Very few, if any, of your releases make it to the digital realm. What are your thoughts on maintaining a physical component to independent music? Why do you find this important?
I really only care about producing physical releases. I definitely utilize and appreciate digital services like Apple Music and Spotify, but I don’t really feel like I personally need to add more content to the digital realm of music. There is plenty out there already.

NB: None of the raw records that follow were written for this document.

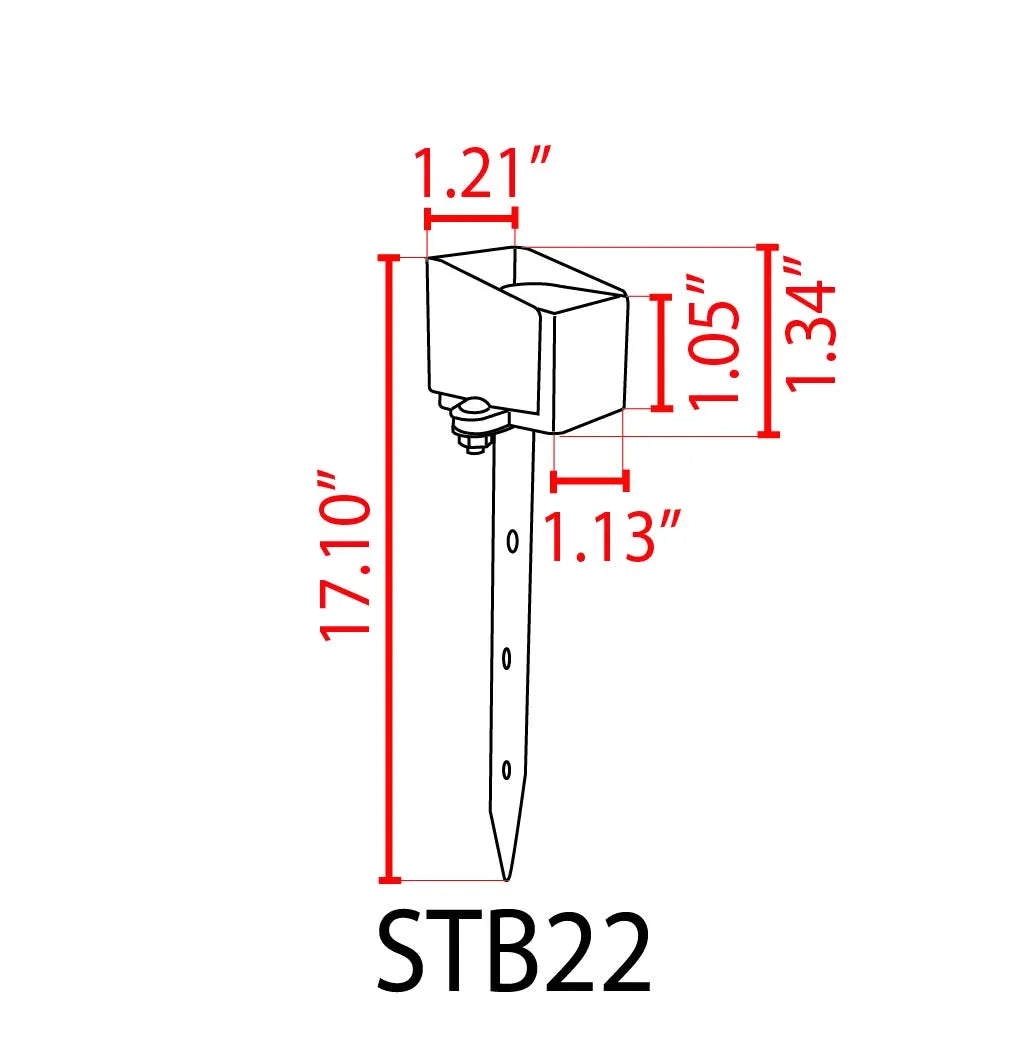 STB22 3W 3000K 240LM Cast Brass LED Mini Step Light with Stainless Steel Stake 12V Low Voltage Landscape Lighting
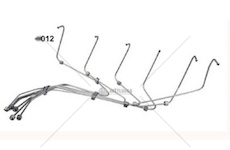 Sada vysokotlakého vedení, vstřikovací systém   06.0124.012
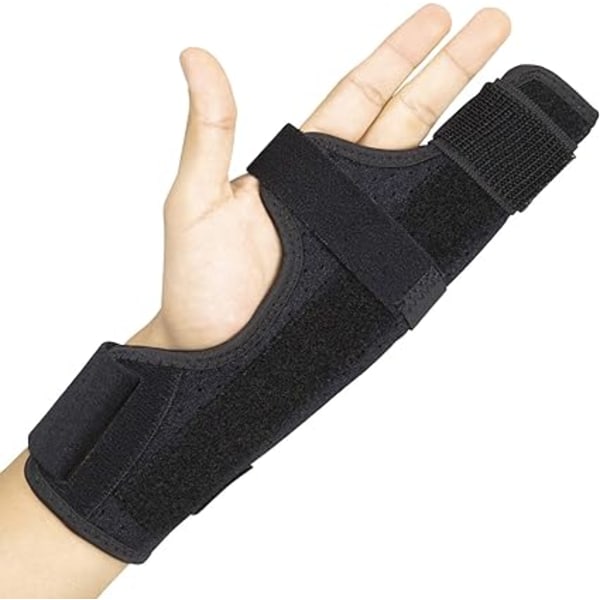 Fingerskena - Stöder Pinky, ring, mellanhandshand och knogar - Höger eller vänster justerbar handskena - Uträtning för triggerfinger, skada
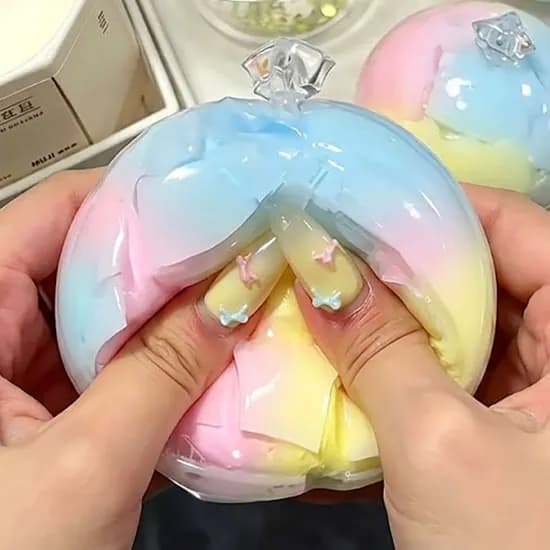 왁뿌볼 크런치 말랑이 슬랑이 스트레스볼 초코바나나 60g 1개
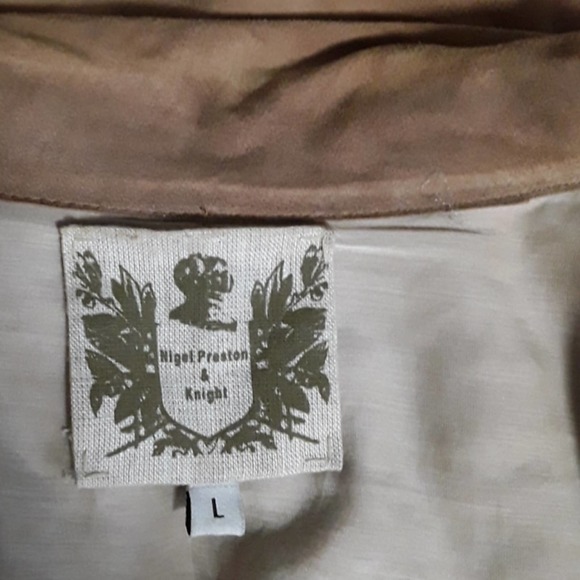 Lambskin Jacket Nigel Preston & Knight Sz L Lambskin Suede Grunge Jacket - Picture 7 of 9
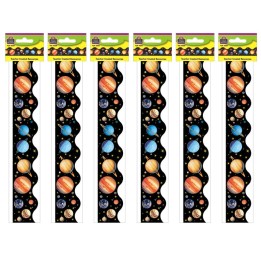 Teacher Created Resources® Scalloped Solar System Border Trim, 35 Feet Per Pack, 6 Packs
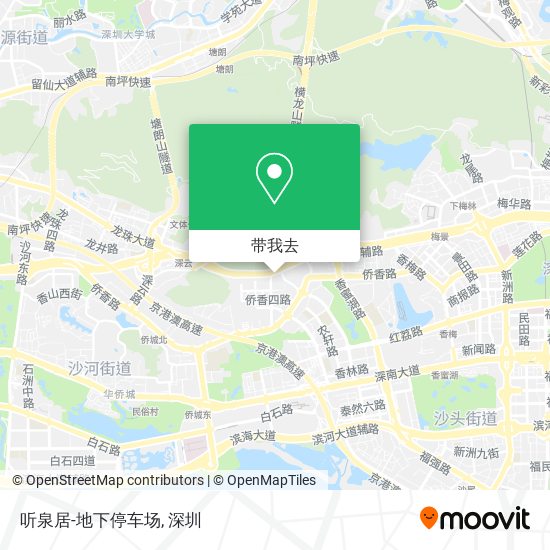 听泉居-地下停车场地图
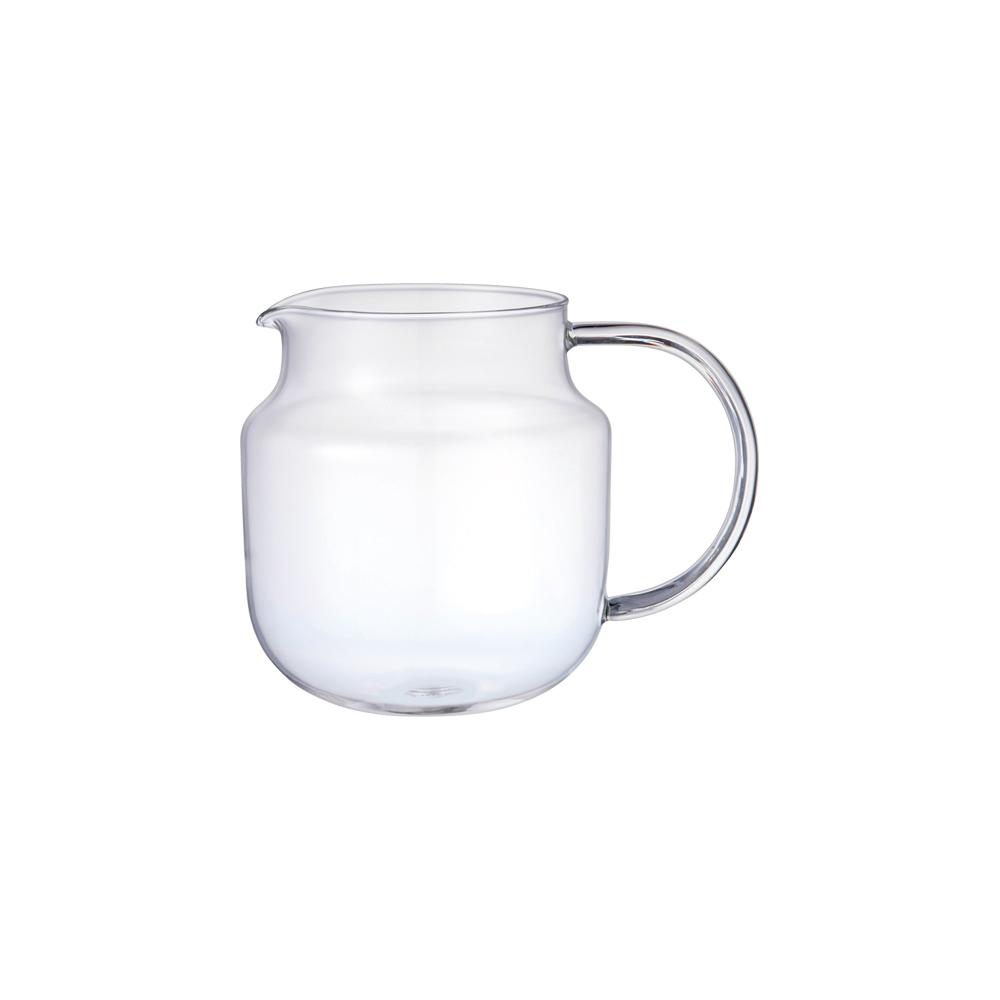  KINTO ONE TOUCH TEAPOT 620ML GLASS JUG  CLEAR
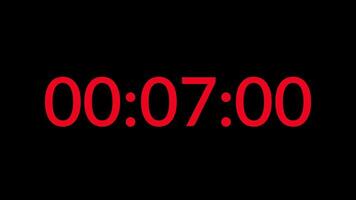 10 second countdown timer with red numbers digital timer suitable for presentations, websites, and educational content creation video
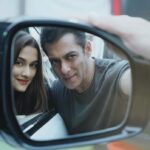 Saiee Manjrekar Instagram – rare rearview selfie✨ @beingsalmankhan 📸 @saajan_singh23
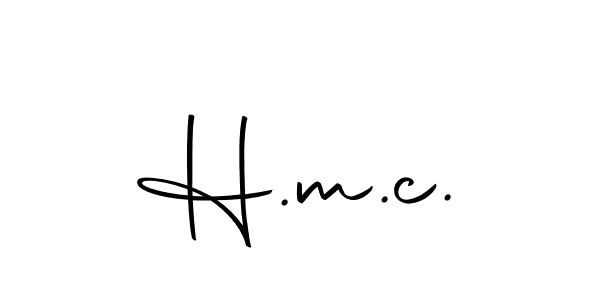 Use a signature maker to create a handwritten signature online. With this signature software, you can design (Autography-DOLnW) your own signature for name H.m.c.. H.m.c. signature style 10 images and pictures png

It seems that owning the digital and streaming rights are really the only way that record labels can be successful. But I don’t care about running PIAPTK like a business. It’s an art passion project. Releasing music digitally usually requires things like contracts, quarterly royalty payments, hiring PR campaigns, etc. I don’t want to mess with all of that. It completely sucks all the joy out of the process. The only thing that I like about running the label is making the physical product and working with artists that I love. I hate doing bookkeeping and promoting and trying to be legit. I’ve tried on and off to “take it to the next level” by doing those things, but it’s never worked and it’s never been any fun. So, I gave up. I have several friends who run “successful” monetarily self-sustaining (I wrote “money making” then I reread it and couldn’t stop laughing) record labels, and it seems miserable. I give the artists a generous share of the 100 or so records that I make as payment, and that’s it. Everything is easy and straight forward. I’m able to sell the small quantities and break even (hopefully), and that is good enough for me.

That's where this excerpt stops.